Igualmente, el segundo volumen del último PISA (citado más arriba) insiste en esta misma idea de posponer la segregación escolar. Los estudiantes de medios menos favorecidos están claramente sobrerrepresentados en los itinerarios profesionales. Los resultados de PISA demuestran que la edad en que los estudiantes son separados en itinerarios se asocia no solo a unas mayores diferencias entre escuelas sino a una menor equidad en los resultados. En definitiva, cuanto más temprana sea la segregación, mayor es el influjo del estatus socioeconómico en los resultados.

            Los defensores de la LOMCE insisten en la necesidad de potenciar la Formación Profesional. Para ello se aduce el dato de que, comparativamente, en nuestro país la tasa de escolaridad en la red profesional frente a la académica es baja, lo cual no es cierto. Lo que sí es verdad es que la inmensa mayoría de los estudiantes que concluye la ESO –en torno al 80%- elige Bachiller. La Formación Profesional de Grado Medio escolariza a una alta proporción de alumnos de edad claramente superior a los 16 años, lo que contribuye a reforzar su imagen deteriorada, la de un itinerario de segunda categoría. El mercado de trabajo parece compartir este criterio. Así, de acuerdo con el informe de Adecco (Oferta y demanda de empleo en España, 2015), tan solo el 8,3% de las ofertas de empleo demanda un nivel de Formación Profesional de Grado Medio frente a un 17% de ofertas que solicita un nivel de Bachillerato.

            Recientemente, al hilo de la enseñanza del inglés y en inglés estamos asistiendo a una nueva estrategia de segregación. Sabido es el estrecho vínculo existente entre el nivel social y el conocimiento de idiomas. En la medida en que los centros de Secundaria cuenten con secciones bilingües, a estas tenderán a acudir los alumnos de mayor nivel de renta, convirtiendo, de este modo, a los grupos del alumnado “del programa” –los que no cursan materias en inglés- en una suerte de itinerario de inferior categoría fácilmente estigmatizable.

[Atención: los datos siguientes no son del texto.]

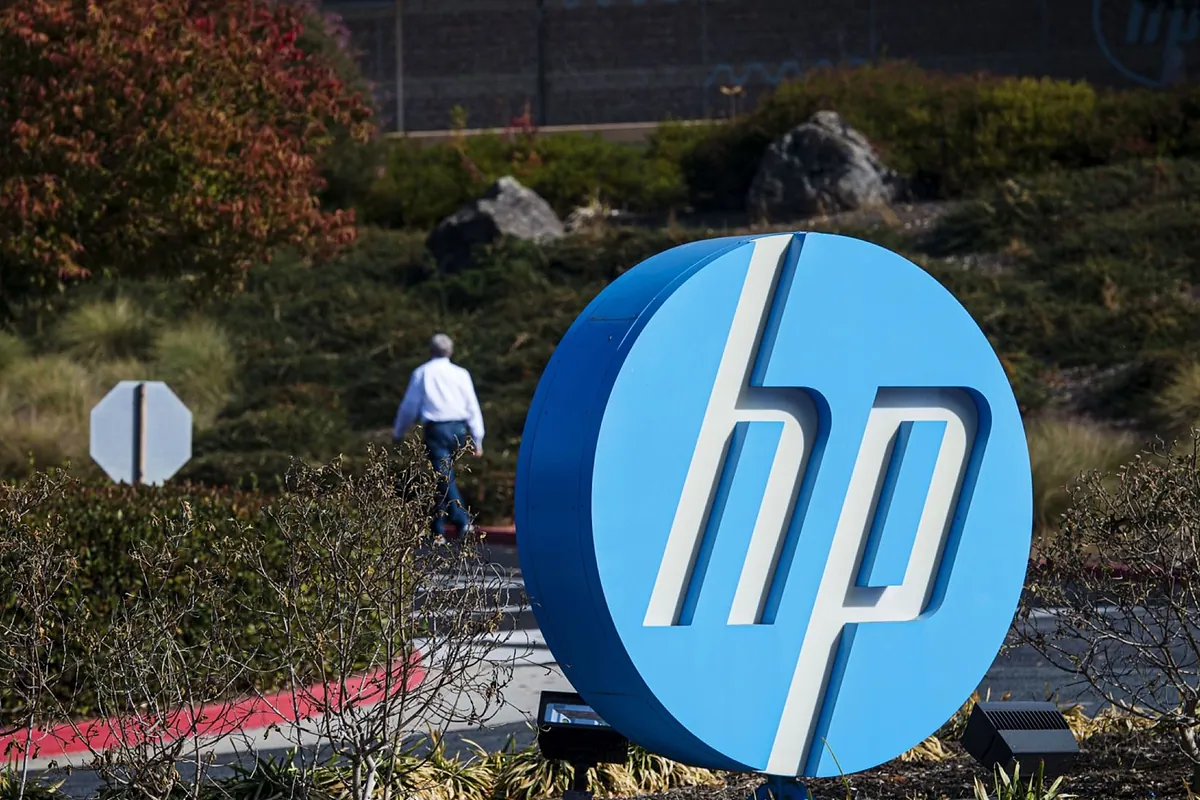 HP anuncia nuevo plan de recortes y mayor uso de inteligencia artificial tras no cumplir sus metas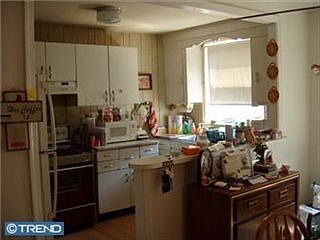 3rd image of 1520 McKinley St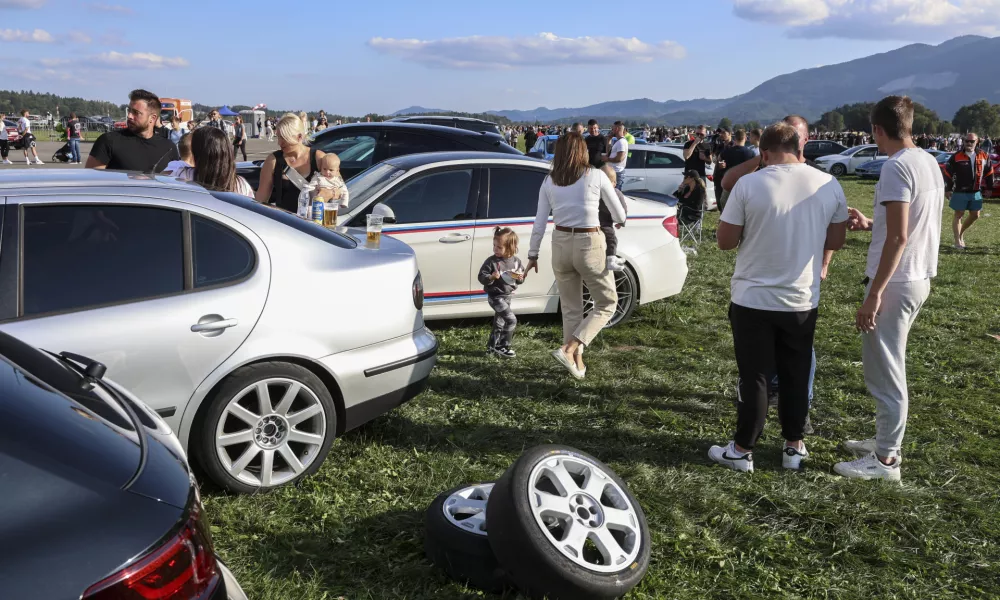 - 21.09.2024 - drag racing - dirkanje z avtomobili, letališče Lesce //FOTO: Jaka Gasar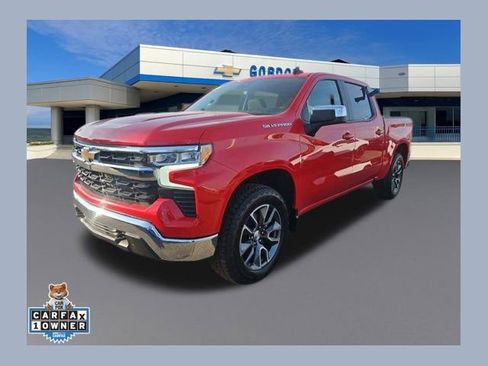 Used 2024 Chevrolet Silverado 1500 LT image 1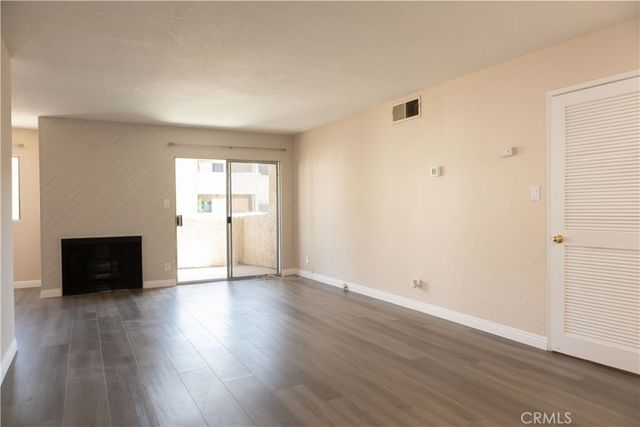 2386 E Del Mar Boulevard 203, Pasadena, CA 91107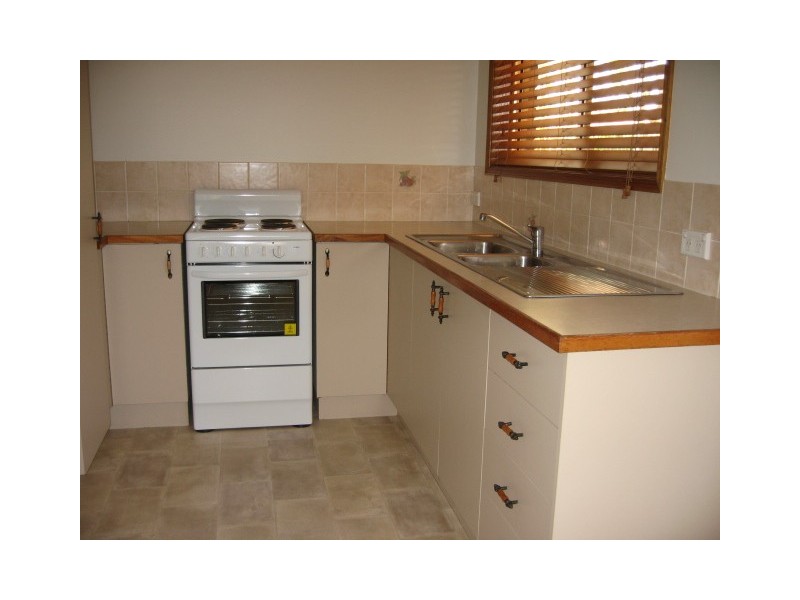 127 Robert Street, Torquay QLD 4655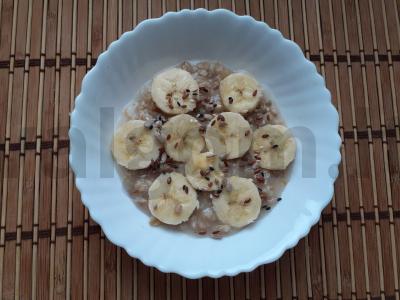 Avižinė košė su bananais ir sėklų mišiniu pagrindine nuotrauka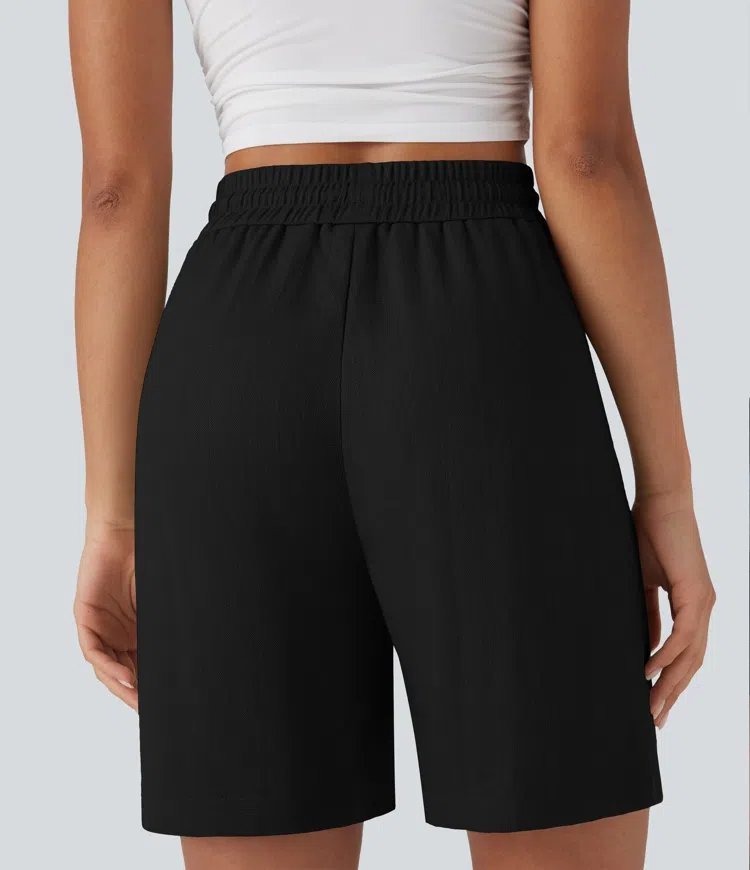 Short court noir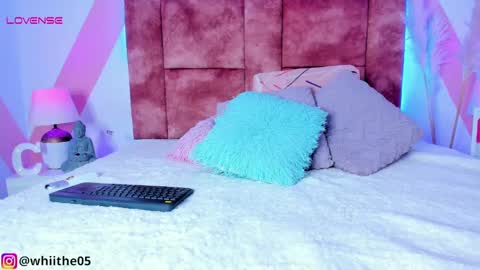 Isabella White online show from 03.06.25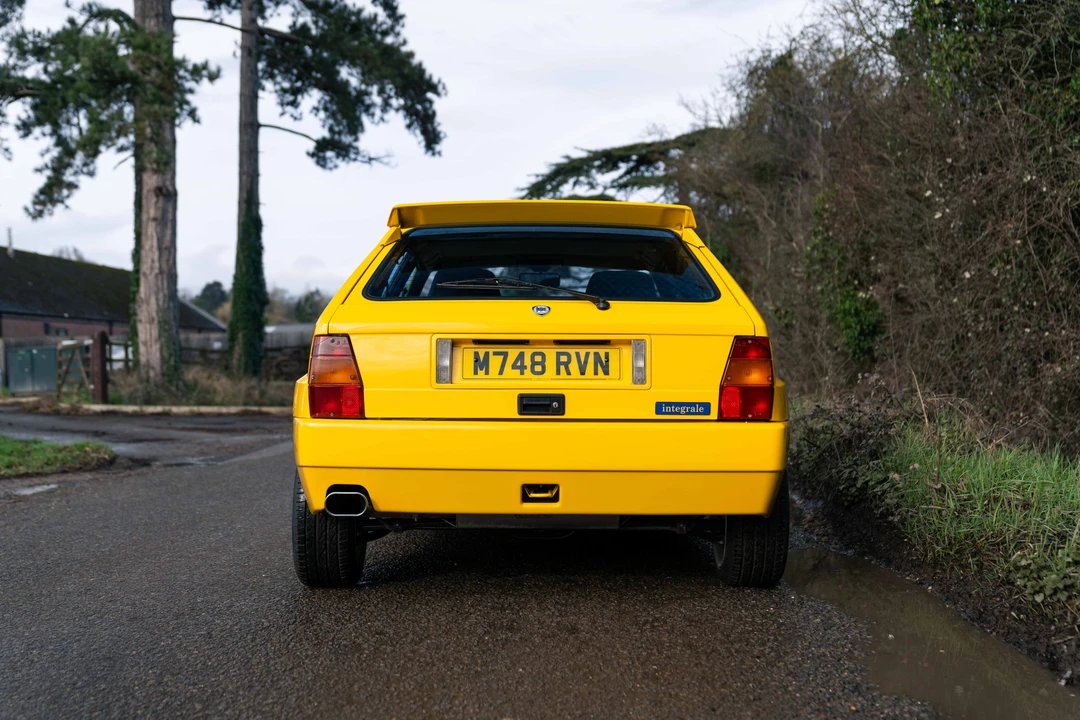 1994 Lancia Delta 1st Gen - Image 14 of 31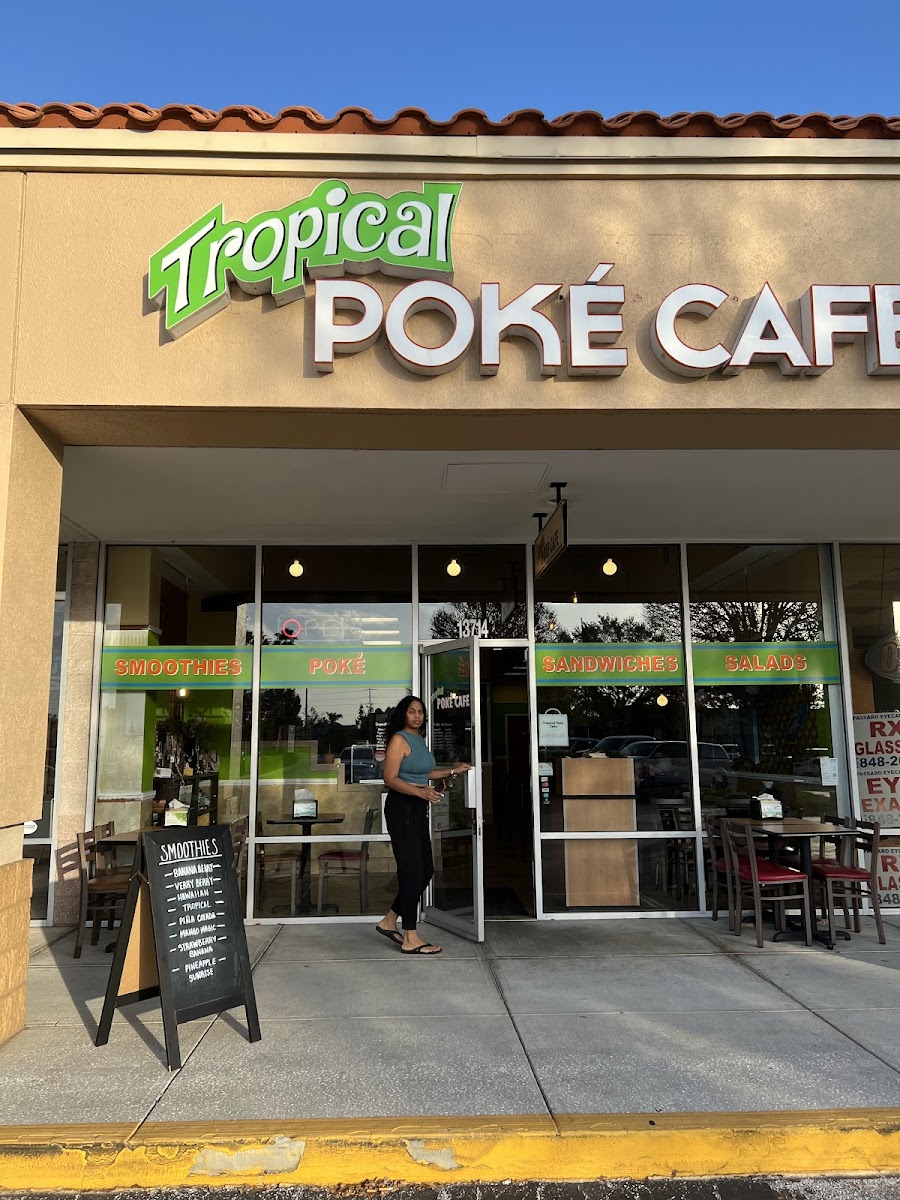 Tropical Pokè Cafe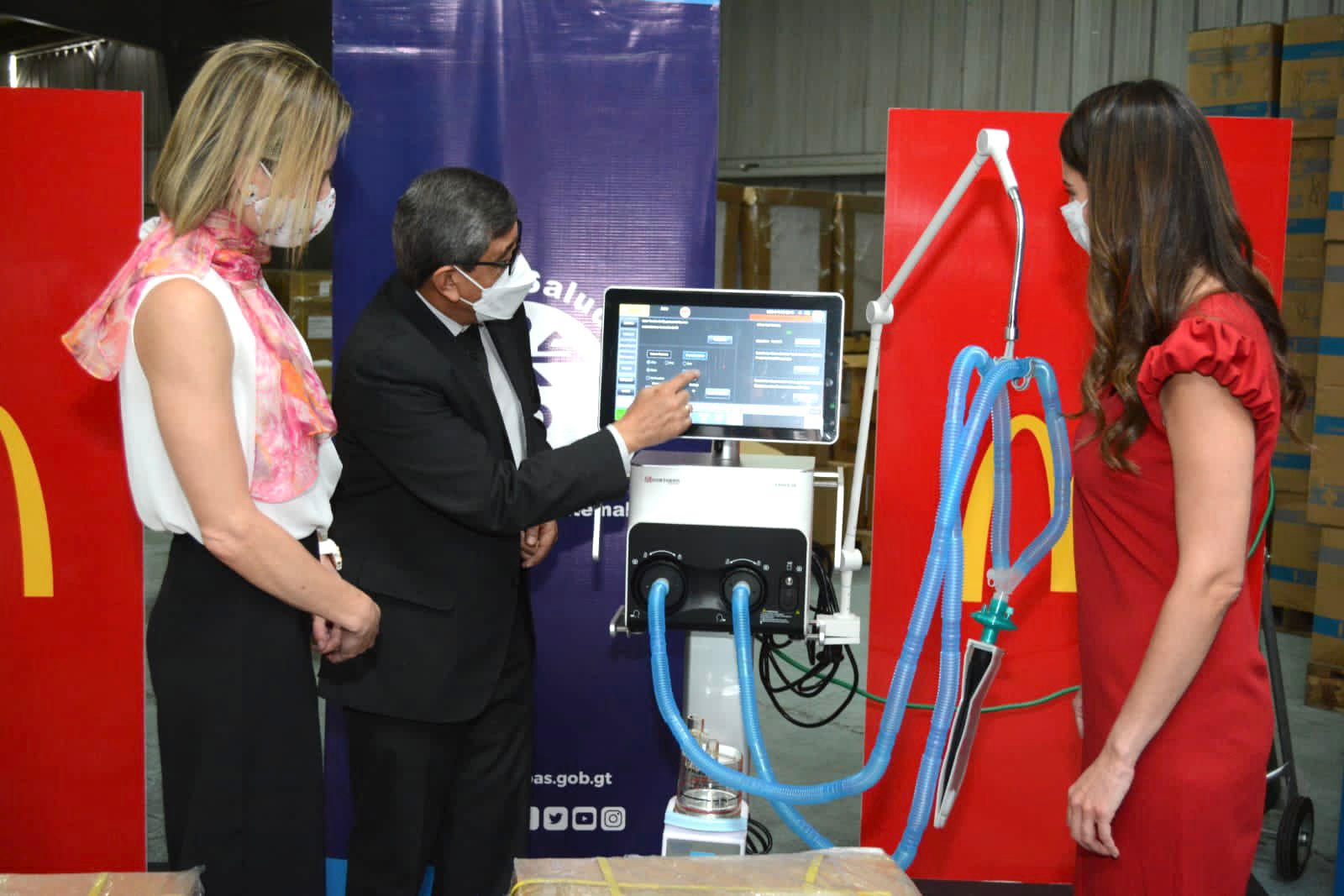 Ministerio de Salud recibe donación de equipo médico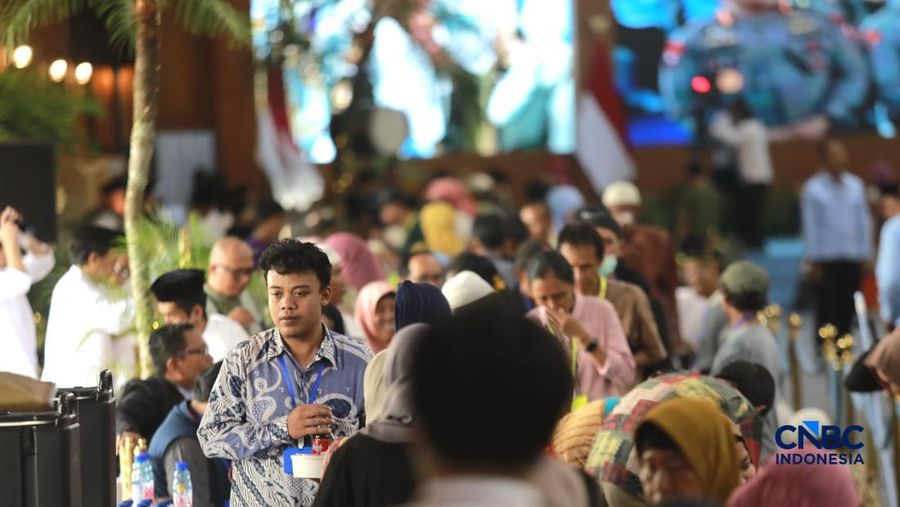 Sejumlah warga menghadiri Halal bihalal bersama Presiden Prabowo Subianto di Istana Negara, Jakarta, Sabtu (21/3/2026). (CNBC Indonesia/Muhammad Sabki)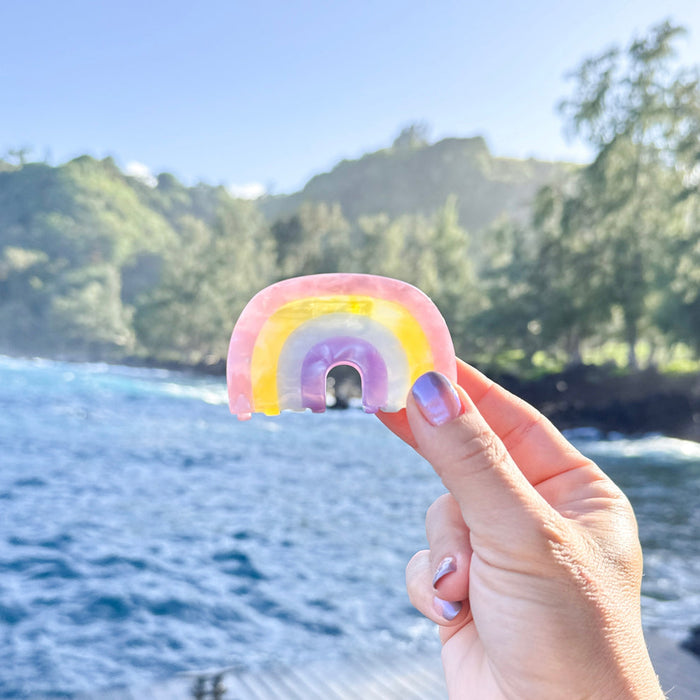 COOPMONSTERS ORIGINAL ANUENUE RAINBOW HAIR CLAW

Finalmente, convendría señalar un aspecto en el que las desigualdades sociales son particularmente hirientes y que no es otro que la divisoria entre escuelas públicas, concertadas y privadas. Tanto las concertadas como las privadas obtienen mejores resultados que las primeras. No obstante, si descontamos el efecto que produce el hecho de que aquellas escolarizan a un alumnado de mayor estatus socioeconómico que estas, los resultados en PISA son prácticamente idénticos. Sin embargo, no ocurre lo mismo con aspectos clave, como la repetición de curso –mucho mayor en la pública-. Que a la privada no concertada –y en ausencia de una política de becas por parte de este tipo de escuelas- vayan las familias de mayor estatus (este tipo de centros escolariza al 6,4% del alumnado de España) se explica simplemente por el hecho de su elevado coste económico. Siendo ambas -sobre el papel- igualmente gratuitas, más explicaciones requeriría la diferencia social del alumnado de la concertada con respecto al de la pública. La distribución territorial de la concertada dice mucho con relación al tipo de público que escolariza. A la concertada acude el 25,6% del alumnado español, pero este porcentaje es sensiblemente menor en las regiones más pobres –en Castilla-La Mancha, Extremadura, Canarias y Andalucía es inferior al 21%- y supera el 29% en La Rioja, Navarra, Baleares, Madrid y el País Vasco-. Si hiláramos más fino, podríamos ver que, por ejemplo, en la ciudad de Madrid tiene más presencia en los barrios acomodados que en los más pobres o, si hiciéramos lo mismo con la Comunidad de Madrid, el contraste lo marcaría la escasa presencia de la concertada en el sur de la región. Sin duda, el hecho de que buena parte de los centros concertados cobren subrepticiamente una cuota a las familias los convierte en una suerte de privados low cost.


            En definitiva, y para concluir, la escuela parece ser una institución que se limita a constatar y a certificar las desigualdades que existen en la sociedad, como si no fuera una de sus principales labores combatirlas. Esta función no es, en modo alguno, incompatible con la consecución de la excelencia. Más bien al contrario. Los sucesivos informes PISA muestran que los países educativamente más exitosos son capaces de acometer ambas tareas a la vez.